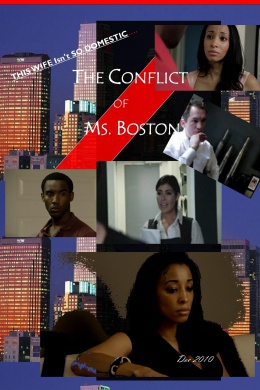 The Conflict of Ms. Boston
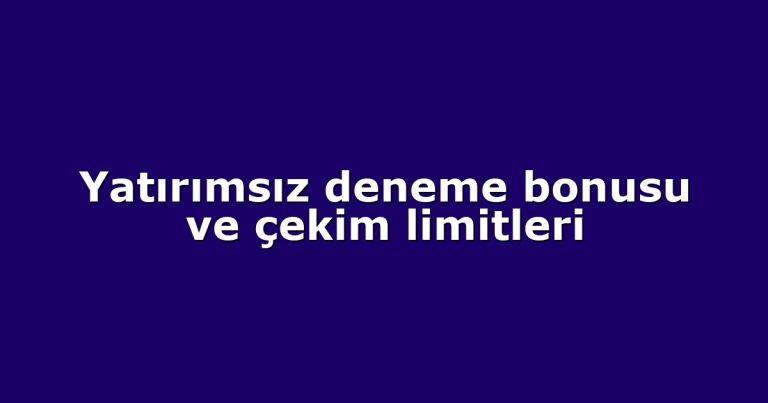 Yatırımsız deneme bonusu ve çekim limitleri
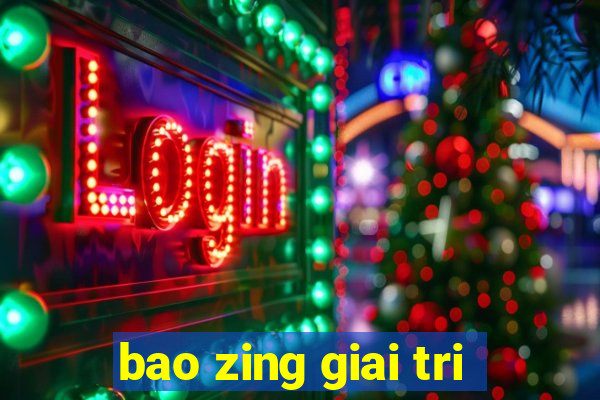 bao zing giai tri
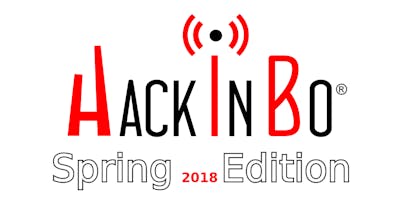 "HackInBo Sicurezza all'ombra delle Torri" Spring Edition 2018 + LAB "HackInBo Sicurezza all'ombra delle Torri" Spring Edition 2018 + LAB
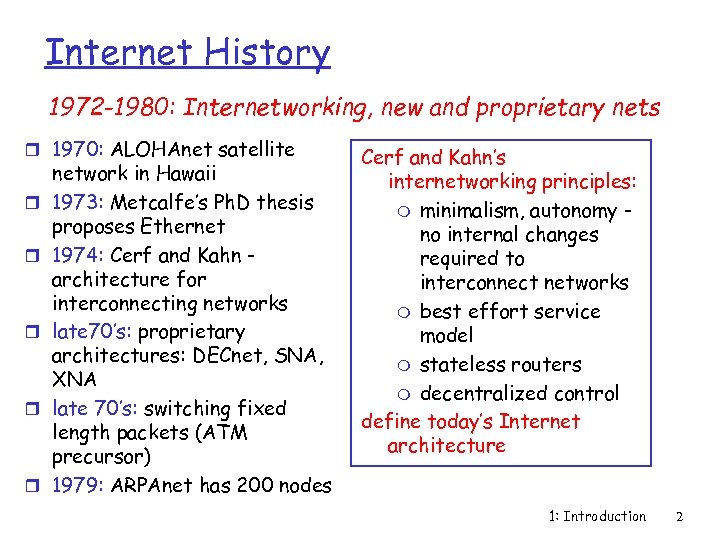 Internet History 1972 -1980: Internetworking, new and proprietary nets r 1970: ALOHAnet satellite r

• **What is needed**
Your reply should be the full data above, copied exactly, with no pictures in it.

• **Output**
 The Conflict of Ms. Boston
 Yatırımsız deneme bonusu ve çekim limitleri
 bao zing giai tri
 "HackInBo Sicurezza all'ombra delle Torri" Spring Edition 2018 + LAB "HackInBo Sicurezza all'ombra delle Torri" Spring Edition 2018 + LAB
 Internet History 1972 -1980: Internetworking, new and proprietary nets r 1970: ALOHAnet satellite r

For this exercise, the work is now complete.